Here’s how it works: UV radiation knocks a chlorine atom off a CFC molecule, which then connects with an ozone molecule, which comprises three oxygen atoms. This breaks into a typical two-oxygen molecule and a chlorine monoxide molecule (ClO). Eventually, the ClO comes across a free oxygen molecule, which pairs with its oxygen, freeing the chlorine radical to cause more trouble.

The idea that CFCs might harm ozone was in the air even before a British team working in Antarctica in the mid-1980s discovered the ozone hole.

“There had been this indication that perhaps there would be a problem due to the CFCs leaking into the atmosphere. Once the hole in the ozone layer was discovered — in the '80s, of course — that made it obvious that this was no longer just a philosophical argument,” Hendrickson said.

The situation was dire. So, 30 years ago, the Montreal Protocol set complex timetables for phasing out CFCs by the mid-1990s and their provisional alternates, hydrochlorofluorocarbons (HCFCs), by 2010-2030, with the developing world lagging 10 or more years. The details are complicated — made more so by the fact that some favored refrigerants, like the popular hydrofluorocarbon (HFC) R-410A — have high global warming potential.

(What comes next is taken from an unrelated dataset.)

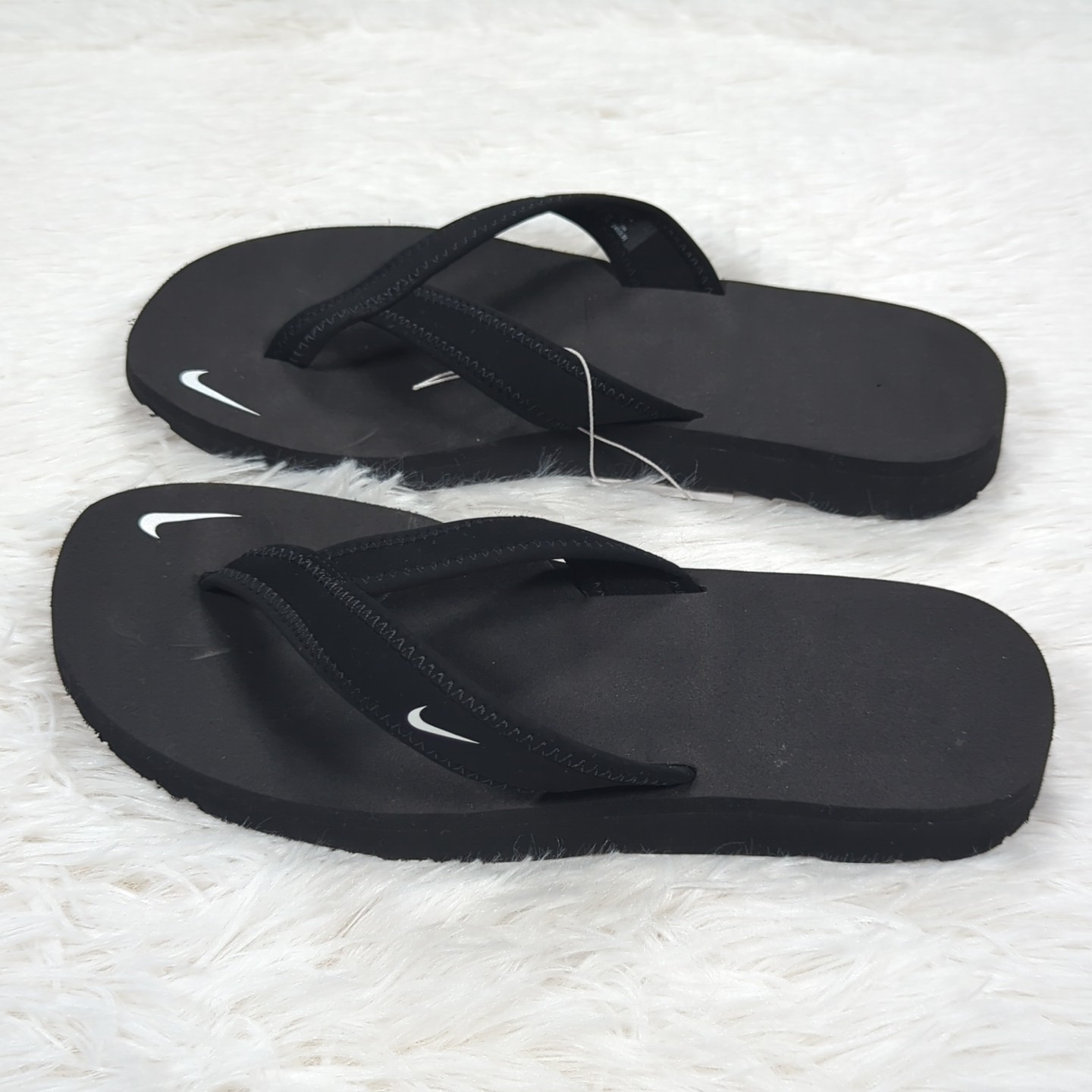 Womens Nike Celso Girl Flip Flop Sandals Black/White Size 5 7 8 314870-011
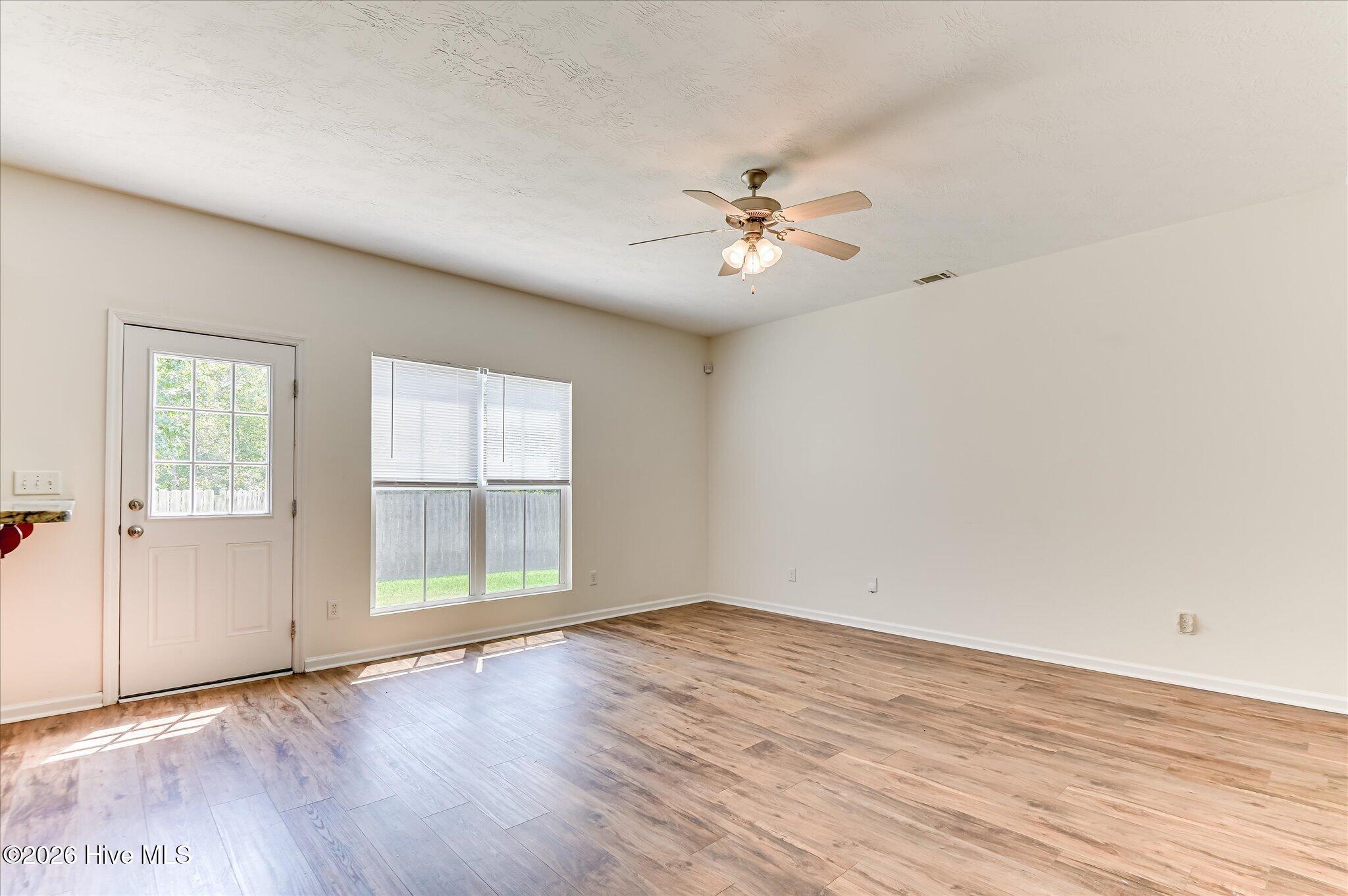 2126 Grove Landing Way Property Photo 17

“The HFC has zero ozone depleting potential. However, it has tremendous global warming potential. And so we’re trading one problem for another,” Hendrickson said.

Hendrickson explained that global warming potential relates how much a molecule behaves like a greenhouse gas – that is, how much it absorbs and releases infrared radiation, aka heat energy – to equivalent molecules of carbon dioxide. Many CFCs and HFCs don’t stack up favorably.

“Depending on the specific HFC, these can be equivalent — each individual molecule — to hundreds, all the way up to more than 10,000, molecules of carbon dioxide.”

To make matters even fiddlier, some refrigerants with low ozone depletion and global warming potentials are less efficient, which expands their potential carbon footprint.

In other words, the fate of refrigerants remains unclear, said Mike Donley, president of Donley Service Center in Phoenix.

“I’m going to a meeting in a week or so talking about the next generation of refrigerant," Donley said. "So, even R-410A might not be around for much longer.”

Either way, as supplies of old chlorine refrigerant dwindle, prices will rise.

“In the last couple years, we’ve seen the price go up 50 percent,” Donley said. “It’s simple supply and demand. Price is going to go up when the supply decreases.”

Owners of older air conditioners have three basic options: use recycled chlorine refrigerants, buy a new unit or install a fairly pricey conversion kit.

Donley said conversion comes with advantages, but only under certain circumstances.

“The pluses are, obviously, you’re using a refrigerant that’s less expensive, and you’re using a refrigerant that’s environmentally friendly. The retrofit process, though, can be expensive. So, if you have a machine that’s, you know, over 10 years old, it really doesn’t pay to retrofit it,” Donley said.

He suggests weighing the unit’s age against the cost of each option. In Arizona, the average AC unit lasts about 12-15 years.

Meanwhile, in that portion of the stratosphere where ozone and elemental oxygen do their dynamic dance, natural reactions slowly restore the ozone balance. But it will take time, Hendrickson said.

“It’s not instantaneous. And so, even after we had, let’s say, six decades to get rid of the stratospheric chlorine, we still have a period of several decades during which the ozone layer will gradually be, through that natural pair of reactions, returning itself to its natural concentrations,” Hendrickson said.